Yes, Gates actually wrote that he was offended that the President would have so little trust and respect in his closest advisors that he believed some of them would betray that trust by including details of confidential meetings in their memoirs, as Gates now betrays the President’s trust by including details of that very same confidential meetings in his memoirs.

How could he write this? Did he really not perceive the obvious hypocrisy? The irony? Is he admitting that he had an unjustifiably high opinion of his own professionalism that he now is recanting? Did he think that statement by Obama gave him permission to reveal such confidences while the President was still wrestling with some of the same matters they involved? Where was the editor who is supposed to keep an author from undermining his own credibility by making blatantly hypocritical statements?


Pointer: Althouse

Source: Slate

11 thoughts on “KABOOM! The Hypocrisy of Robert Gates

  1. Some people seem to be inherently unable to hear themselves.

    I once heard an irritated person finally explode at an overconfident person “You do not know everything!”, to which the overconfident person replied “I know that!”.

  2. His life was in the service of the CIA. As admirable of an undertaking that may be I’m certain the falsely compromised ethics the application of deceit for pur nation has ultimately become a real quality.

    We never trusted him as our university president.

  3. There’s irony there, yes, but not hypocrisy if he was genuinely reporting his previous position, which he has since changed. However, he seems to be presenting a continuity between his earlier self and his current one that precludes that.

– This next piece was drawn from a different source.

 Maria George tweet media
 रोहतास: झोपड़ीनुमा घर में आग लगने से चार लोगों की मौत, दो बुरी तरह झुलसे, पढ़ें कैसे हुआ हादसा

  4. Maybe he was just SO offended that Obama would even think such a thing, that he decided, right at that moment, to take the President up on it. See, this is really all Obama’s fault.

  5. Re: Obama Gates wrote: “I never doubted [his] support for the troops, only his support for their mission.” Now what the hell is that supposed to mean? I will probably read his memoir as a “guilty pleasure.”

    • He didn’t and doesn’t believe in projecting American power in support of American interests, or he doesn’t believe this particular projection of power doesn’t support American interests… But still believes in policies which take care of soldiers…

    • It means that Obama would be a horrible general, because he would but the safety of his troops above accomplishing the mission, which is to take the hill, conquer the bad guys, eliminate the threat, and win.

      • Quite true, Jack. In all things, the mission comes first. It’s up to the leadership, though, to hold true to that mission and preserve what the troops in the field have won. There is no substitute for victory.